## What you will do
Return the listing below unchanged, but without pictures.

## The data
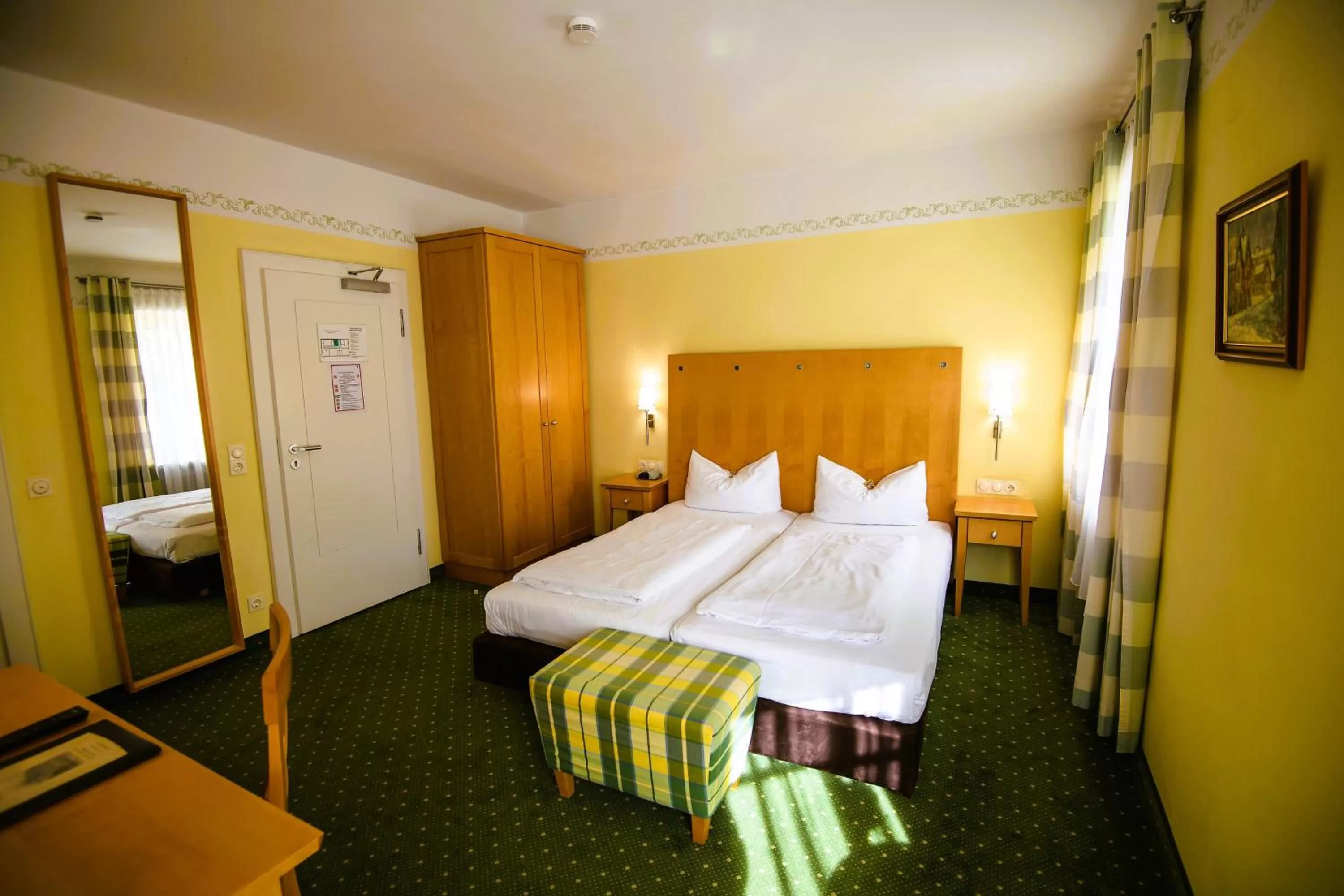 Bed in Hotel Rosenheimer Hof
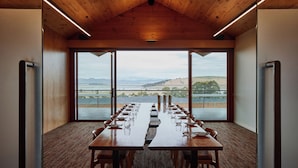 A conference room with a long table set for a meeting, large windows with a view of a lake and hills, and wooden ceiling beams.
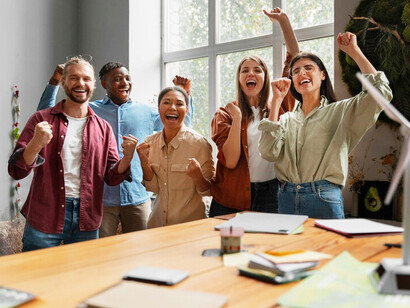 A cross-functional team celebrates a milestone in their eco-initiative, proving that purpose-driven collaboration can lead to real business growth and positive environmental impact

## Response to the task
 Bed in Hotel Rosenheimer Hof
 A conference room with a long table set for a meeting, large windows with a view of a lake and hills, and wooden ceiling beams.
 A cross-functional team celebrates a milestone in their eco-initiative, proving that purpose-driven collaboration can lead to real business growth and positive environmental impact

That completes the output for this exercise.